Why does $\vec{r}\cdot\dot{\vec{r}}=r\dot{r}$?

Question

Why is $$\vec{r}\cdot\dot{\vec{r}}=r\dot {r}$$ true? Before saying anything, I have seen the proofs using spherical coordinates for $$\dot{\vec {r}}= \dot{r}\vec{u_r}+r\dot{\theta}\vec{u_\theta}+r\sin\theta \vec{u_\phi}$$ and $\vec{r}=r\vec{u_r}$ but I was thinking, why is that true if $$\vec{r}\cdot\dot{\vec{r}}=\vec{r}\cdot\vec{v}=rv\cos\alpha$$ and since in spherical coordinates or any circular motion, the velocity is perpendicular to the position vector? So then it should be $$\vec{r}\cdot\vec{v}=rv\cos \frac{\pi}{2}=0~?$$ Isn't it? What from my logic is wrong?

Answer 1

What's wrong with your argument is that $\dot r \neq v$. In your example $\dot r$ is indeed zero (because velocity is perpendicular to $r$, therefore, the magnitude of $r$ doesn't change) and so is $\vec r \cdot\dot{\vec r}$.

$\dot r$ is the rate of change of $r$ coordinate while $v$ is the norm if $\dot{\vec r}$, which you can see from your own formula is not the same as $\dot r$.

Answer 2

To sum up the previous answers: it is indeed true that $\vec{r}\cdot\dot{\vec{r}}=r\dot{r}$, in fact: \begin{equation} 2r\dot{r}=\frac{\mathrm{d}}{\mathrm{d}t}(r^2)=\frac{\mathrm{d}}{\mathrm{d}t}(\vec{r}\cdot\vec{r})=2\vec{r}\cdot\dot{\vec{r}}, \end{equation} as it was pointed out by @Quillo. Regarding the fault in your logic, in general it is not true that $\dot{r}$ is equal to $v$, namely the norm of the velocity $\vec{v}=\dot{\vec{r}}$. By the way, in a circular motion, the radial velocity $\dot{r}$ is zero by definition and it is in fact true that $\vec{r}$ and $\vec{v}=\dot{\vec{r}}$ are always perpendicular.
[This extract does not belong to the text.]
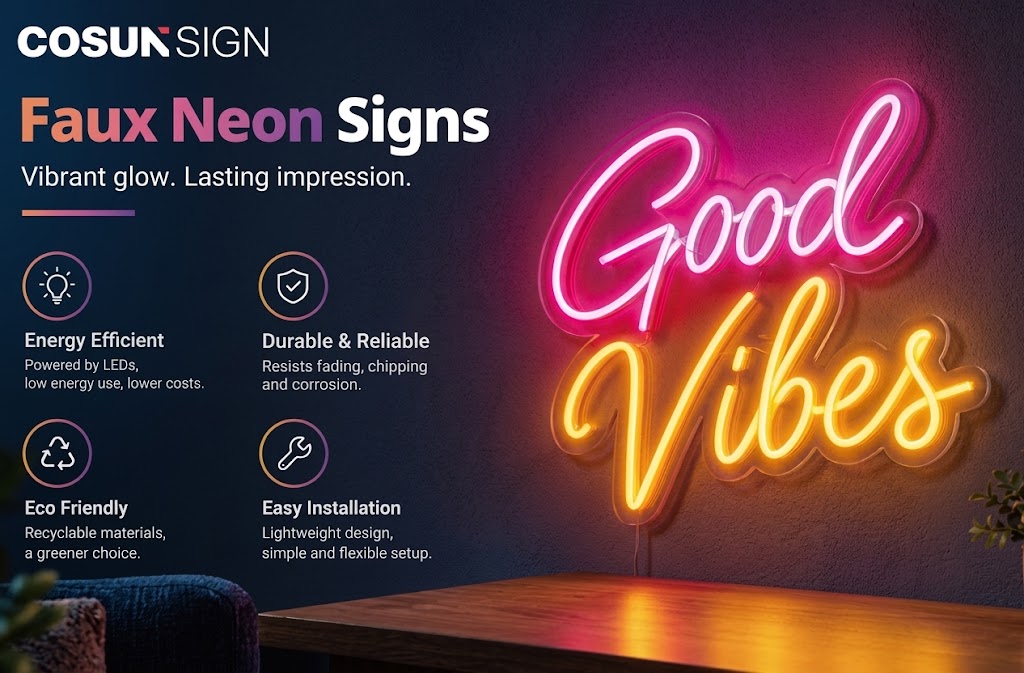 LED faux neon signs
As suggested by @Miguel Garcia, you can employ spherical coordinates to describe any kind of motion, whereas circular motion is a special kind of motion with $\dot{r}=0$.

Answer 3

The reasoning using spherical coordinates is correct as it applies to all kind of motions, is just a description in polar coordinates but nothing is assumed about the particular kind of motion. In your second argument you are assuming a particular kind of motion (i.e. circular motion), of course the description of circular motion is particularly easy in polar coordinates but in principle you can use polar coordinates to describe any kind of motion. If in your first argument you add the additional supposition of circular motion then you also get zero as a result so there is no contradiction.

Answer 4

the position vector $~\vec r~$ is

$$\vec r=r\,\vec e_r\quad, \text{with}\quad \vec e_r\cdot \vec e_r=1 $$

thus

$$\vec v=\dot r\,\vec e_r+r\,\vec{\dot{e}}_r$$

and $$\vec r\cdot \vec v=r\,\vec e_r\,(\dot r\,\vec e_r+r\,\vec{\dot{e}}_r)= r\,\dot r\quad,\text{with}\quad \vec e_r\perp \vec{\dot{e}}_r $$

Answer 5

The thing that is missing in the statement is the angle between two vectors. So the complete equation should be:

$\vec{r}\cdot \dot{\vec{r}} =r\dot{r} \cos\alpha$.

$\alpha$ is the angle between the vectors $\vec{r}$ and $\dot{\vec{r}}$. In the Cartesian coordinate, $\alpha = 0$, while in Spherical coordinate $\alpha = 90^0$.